ASSIGNED TASK
I'd like the entire listing output verbatim, apart from the pictures.

PROVIDED MATERIAL
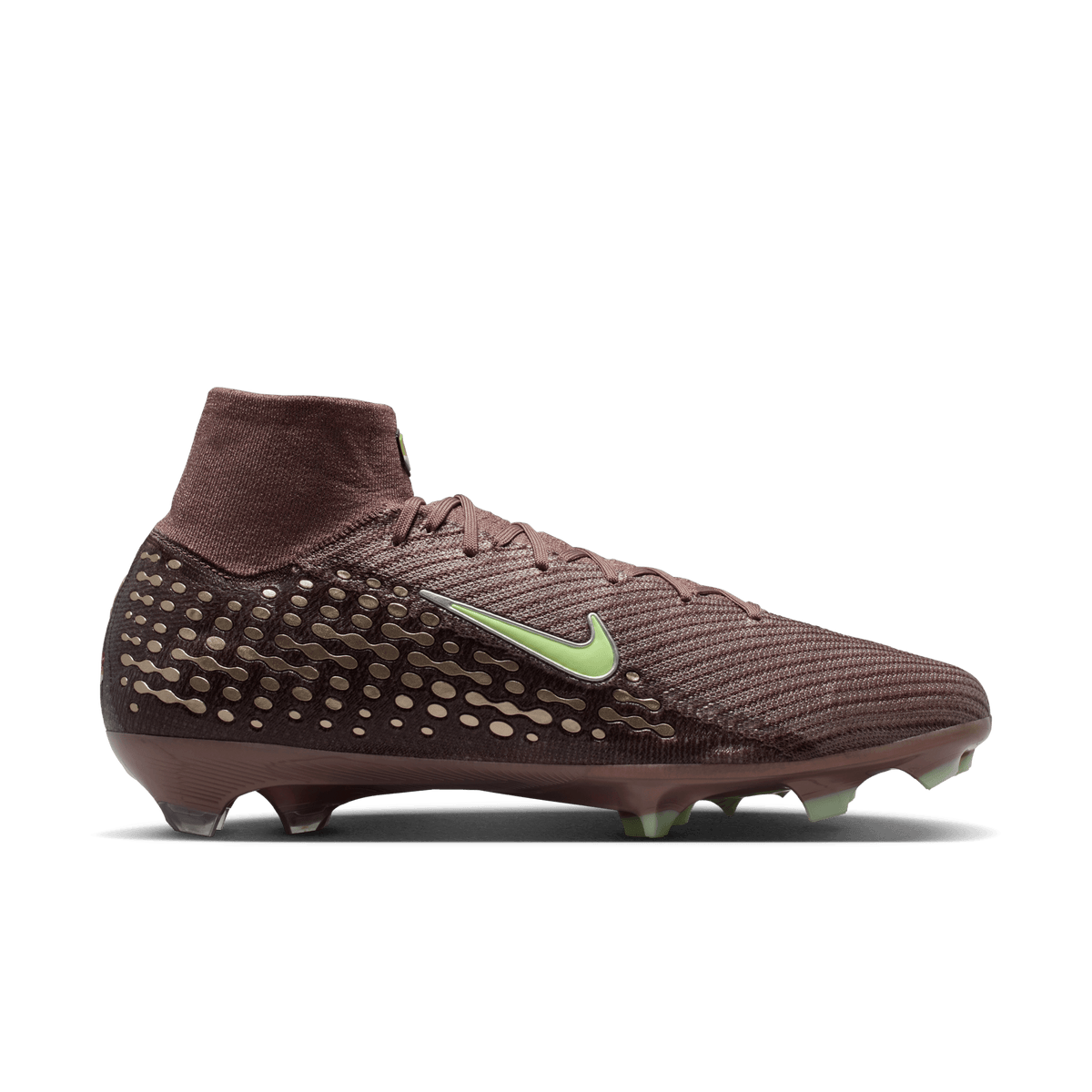 Nike Youth Mercurial Superfly 10 Elite "Kylian Mbappé" FG-Plum Eclipse/metallic Silver product image 1, provided for visual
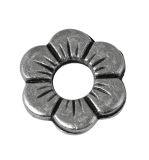 Metall-Zierelement: Blume, 12mm ø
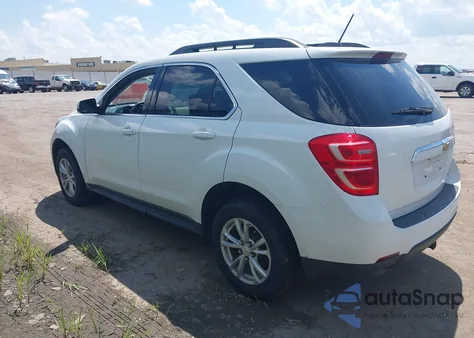 2016 Chevrolet Equinox Lt from USA, damaged, VIN 1GNALCEK6GZ103007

WRITTEN RESPONSE
 Nike Youth Mercurial Superfly 10 Elite "Kylian Mbappé" FG-Plum Eclipse/metallic Silver product image 1, provided for visual
 Metall-Zierelement: Blume, 12mm ø
 2016 Chevrolet Equinox Lt from USA, damaged, VIN 1GNALCEK6GZ103007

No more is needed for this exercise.